THTM'den Fethiye'de Cumhuriyet buluşması: 'Suriye'deki süreçten çıkartmamız gereken dersler var'

Türkiye Halk Temsilcileri Meclisi üyeleri Aydemir Güler, Müjde Tozbey ve Barış Terkoğlu "101. yılında Cumhuriyet'i selamlıyoruz" etkinliğinde Fethiyelilerle bir araya geldi.

Haber Merkezi

Türkiye Halk Temsilcileri Meclisi (THTM), Fethiye'de Atatürkçü Düşünce Derneği, Çağdaş Yaşamı Destekleme Derneği ve Eğitim-İş ile birlikte Cumhuriyet'in 101. yılında Cumhuriyet'i yeniden kurmak gerektiğini ifade eden ve örgütlenmeye çağıran bir etkinlik gerçekleştirdi.

THTM Yürütme Kurulu Üyesi Aydemir Güler, Önce Çocuklar ve Kadınlar Derneği Başkanı ve THTM üyesi Müjde Tozbey ile THTM kurucu üyesi gazeteci-yazar Barış Terkoğlu'nun konuşma yaptığı etkinlik yoğun bir katılımla gerçekleşti. 

İlk sözü alan Aydemir Güler, Türkiye Cumhuriyeti’nin emperyalizme karşı mücadelede emperyalist hayaller kurulmadan kurulduğunun altını çizerek bugün Suriye ile ilgili emperyalist hayallerin cumhuriyet idealleri ile bağdaşmadığına vurgu yaptı.

Müjde Tozbey, Cumhuriyet'in kadın hakları açısından önemine değinirken, Cumhuriyet'in tepeden inme hak dağıtmadığını, bu hakların kadınların 1800’lü yıllardan itibaren mücadelesi sonucu Cumhuriyet'le birlikte kazanıldığını dile getirdi. 

Son olarak Barış Terkoğlu, “Biz Suriye'de cihatçı çetelerin iktidarına sevinerek Cumhuriyet'i yeniden ayağa kaldıramayız” sözleriyle başladığı konuşmasında özellikle örgütlülüğün önemine dikkat çekti.
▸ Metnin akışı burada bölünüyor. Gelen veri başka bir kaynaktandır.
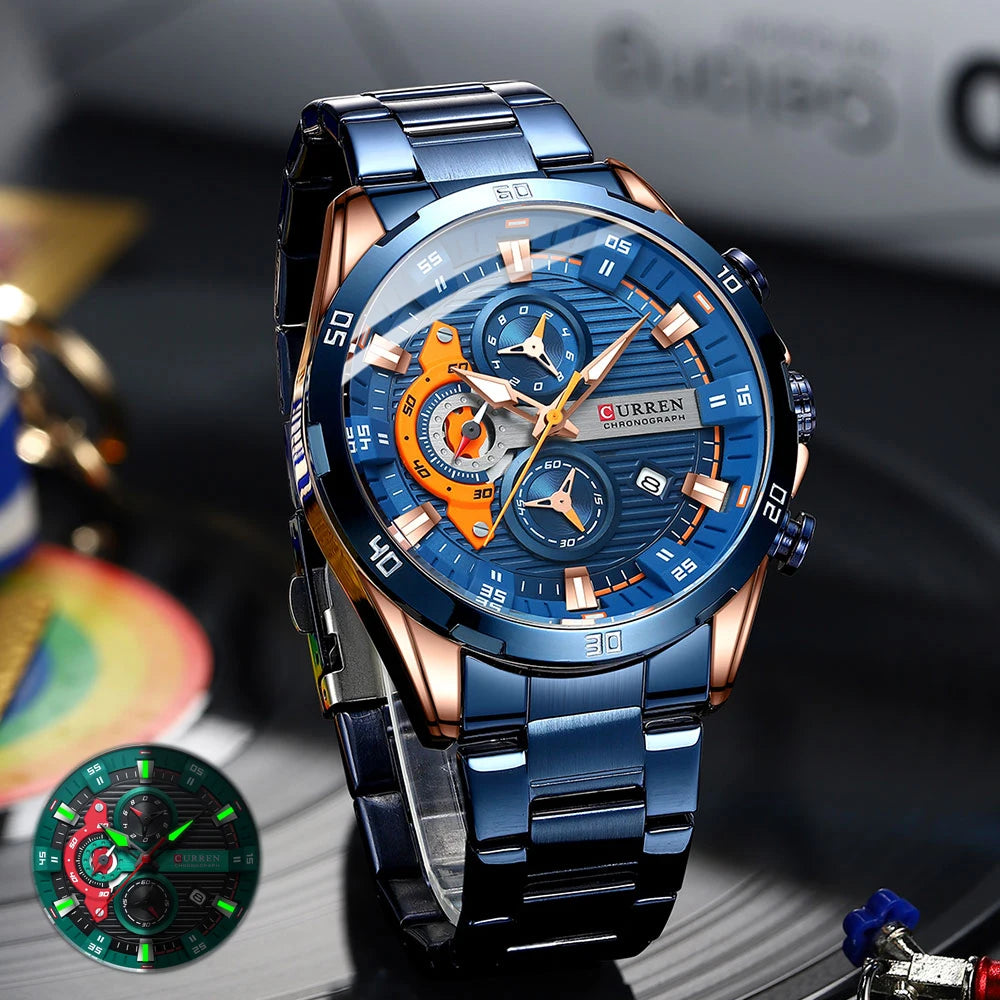 ⌚ Relógio Curren 8402 Masculino Aço Inoxidável – Cronógrafo e Data Automática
Atatürk'ün Bandırma vapuruna tek başına bilmediğini, örgütlü bir grup olarak gittiğini, örgütlülüğü daha da geliştirerek meclisi kurduğunu ve bu örgütlülüğün iradesiyle başkomutanlığı kabul ettiğini ifade etti. Son olarak örgütlülüğün önemine vurgu yaparak herkesi örgütlenerek mücadele etmeye davet etti.

Etkinlik sonrasında pek çok katılımcı 22 Aralık'ta yapılacak Fethiye THTM toplantısına katılacaklarını açıkladılar.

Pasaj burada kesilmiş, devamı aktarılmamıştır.